Ivan Illich, Nemesis médicale, œuvre complète, vol.1, Fayard, p.657 et 681.

Qu’est-ce que la santé dans un monde qui érige le profit comme valeur ultime ? À cette question, la réponse semble assez simple : un système bureaucratique de gestion de la maladie dont le bien-être du patient n’est plus l’objectif ultime – même si c’est une conséquence qu’il peut atteindre. À toutes les autres interrogations que ce thème suscite, nous ne prétendons pas répondre en quelques pages de ce dossier, mais espérons qu’il soulèvera quelques doutes, certitudes, désaccords ou pas.

Nous ouvrons celui-ci par une rencontre avec le Docteur Anne-Lise Ducanda (10-11), qui travaille en France (Evry) à la Direction de la protection maternelle infantile et de la santé. En quinze années, elle a vu les ravages progressifs de la généralisation des écrans sur le développement des enfants. Elle ne parle pas moins que du « plus grand défi de santé publique  », en ajoutant que « c’est tout l’avenir de notre société qui est en jeu  ». Baigné dans un environnement publicitaire, l’injonction à consommer plus pour que croisse le PIB s’inscrit pourtant en totale opposition avec ce défi majeur que le docteur Ducanda identifie.

Dehors, on continue donc à fabriquer du malade : air vicié, pollution intérieure due aux composants de produits manufacturés, malbouffe, stress, société instaurant la déliaison et donc la solitude… tout cela rend malade, et il serait mensonger de dire que ça ne fait pas un certain bien, financier, à une minorité. Dans le même temps, la médecine s’adjoint la puissance de contrôle des nouvelles technologies, inaugurant l’ère de la « médecine connectée » (12-13), qui n’est pas sans lien avec le premier sujet de ce dossier… Mine d’or pour les multinationales, ces projets signent l’avenir d’un sujet robotisé et surmédicalisé, qui, loin d’être autonome, dépendra dorénavant totalement de la technique pour sa survie.

La rencontre avec deux médecins passionnés par leur métier nous plonge dans les arcanes de l’hôpital, territoire bureaucratique où l’on classe, trie, catégorise, mesure, quantifie (14-15). On gère. Pas le temps, ou peu, pour les plus lucides, de penser pour agir. Là où pour beaucoup, les études et leur coût social oublié, on prend l’employeur le plus offrant, pour d’autres on tente de survivre dans un univers compétitif où les nouveaux collègues sont importés de l’Est, prêts à accepter moins et à tolérer plus.

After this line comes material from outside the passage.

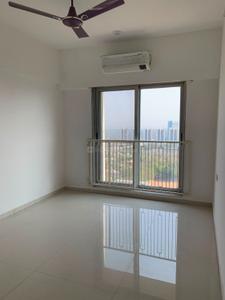 Bedroom Image of 700 Sq.ft 2 BHK Apartment / Flat for rent in Vaastu Omkar, Vile Parle East Mumbai for Rs. 78000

Pas le temps donc, quand on doit bouffer, quand on est entouré de petits jeunes chefs de service qui voient leur boulot comme des chefs d’entreprises, qu’il faut faire du chiffre, pas le temps de sortir de la matrice… Dans ce cadre, le modèle belge des maisons médicales constitue-t-il un rempart contre la privatisation de la santé et la perte d’autonomie du sujet dans ce domaine (16-17) ?

Jettera-t-on la pierre à ceux qui tentent ? Non ! Ils ont déjà le mérite de la lucidité. Ne sont-ils pas dans la même situation de beaucoup de travailleurs, qui participent malgré eux au fonctionnement de la société qui se refuse d’agir sur les causes des problèmes. Sans doute, si rien ne change, assisteront-ils à l’effondrement du monde avec une angoisse laissant apercevoir une petite crispation des lèvres, début d’un rictus, disant silencieusement : « Mais comment aurait-il pu en être autrement ?  ».

Cela nous rappelle ce que disait Ivan Illich dans Nemesis médical : « L’analyse de la tendance de la morbidité montre que l’environnement général (notion qui inclut le mode de vie) est le premier déterminant de l’état de santé global de toute population. Ce sont l’alimentation, les conditions de logement et de travail, la cohésion du tissu social et les mécanismes culturels permettant de stabiliser la population qui jouent le rôle décisif dans la détermination de l’état de santé des adultes et de l’âge auquel ils ont tendance à mourir »(1).

Dans ces domaines pourtant, peut-on prétendre que tout va bien ?

Dossier coordonné par Alexandre Penasse

  1. Ivan Illich, Nemesis médicale, œuvre complète, vol.1, Fayard, p.660.